- [EXERCISE DETAILS] Once the line with "Two young women" is found in the entries below, repeat that line and every one after it exactly, ending at the last.

+-------+

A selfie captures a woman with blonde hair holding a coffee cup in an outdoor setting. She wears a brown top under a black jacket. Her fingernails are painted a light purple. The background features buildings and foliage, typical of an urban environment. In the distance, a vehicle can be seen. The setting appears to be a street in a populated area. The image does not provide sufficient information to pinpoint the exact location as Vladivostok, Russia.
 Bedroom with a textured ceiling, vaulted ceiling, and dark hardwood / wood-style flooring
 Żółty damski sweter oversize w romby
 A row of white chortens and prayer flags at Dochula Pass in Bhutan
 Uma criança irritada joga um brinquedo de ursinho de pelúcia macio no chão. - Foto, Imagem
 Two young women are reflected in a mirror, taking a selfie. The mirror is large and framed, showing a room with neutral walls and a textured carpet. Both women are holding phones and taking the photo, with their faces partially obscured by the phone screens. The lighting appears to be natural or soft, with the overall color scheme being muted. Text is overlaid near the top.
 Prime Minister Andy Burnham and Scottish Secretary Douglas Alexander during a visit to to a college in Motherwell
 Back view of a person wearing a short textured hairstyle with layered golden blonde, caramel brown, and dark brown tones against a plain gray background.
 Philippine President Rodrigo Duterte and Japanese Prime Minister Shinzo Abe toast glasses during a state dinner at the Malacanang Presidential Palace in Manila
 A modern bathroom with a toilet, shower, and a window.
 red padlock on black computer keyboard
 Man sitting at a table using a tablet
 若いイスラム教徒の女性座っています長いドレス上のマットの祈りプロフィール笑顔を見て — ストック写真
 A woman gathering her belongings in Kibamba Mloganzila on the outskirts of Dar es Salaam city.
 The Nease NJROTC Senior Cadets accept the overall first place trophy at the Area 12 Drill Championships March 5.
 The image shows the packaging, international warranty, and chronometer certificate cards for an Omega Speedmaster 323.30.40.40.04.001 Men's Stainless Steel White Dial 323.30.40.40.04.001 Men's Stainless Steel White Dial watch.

+-------+

- [RESULT FOR THIS EXERCISE]
 Two young women are reflected in a mirror, taking a selfie. The mirror is large and framed, showing a room with neutral walls and a textured carpet. Both women are holding phones and taking the photo, with their faces partially obscured by the phone screens. The lighting appears to be natural or soft, with the overall color scheme being muted. Text is overlaid near the top.
 Prime Minister Andy Burnham and Scottish Secretary Douglas Alexander during a visit to to a college in Motherwell
 Back view of a person wearing a short textured hairstyle with layered golden blonde, caramel brown, and dark brown tones against a plain gray background.
 Philippine President Rodrigo Duterte and Japanese Prime Minister Shinzo Abe toast glasses during a state dinner at the Malacanang Presidential Palace in Manila
 A modern bathroom with a toilet, shower, and a window.
 red padlock on black computer keyboard
 Man sitting at a table using a tablet
 若いイスラム教徒の女性座っています長いドレス上のマットの祈りプロフィール笑顔を見て — ストック写真
 A woman gathering her belongings in Kibamba Mloganzila on the outskirts of Dar es Salaam city.
 The Nease NJROTC Senior Cadets accept the overall first place trophy at the Area 12 Drill Championships March 5.
 The image shows the packaging, international warranty, and chronometer certificate cards for an Omega Speedmaster 323.30.40.40.04.001 Men's Stainless Steel White Dial 323.30.40.40.04.001 Men's Stainless Steel White Dial watch.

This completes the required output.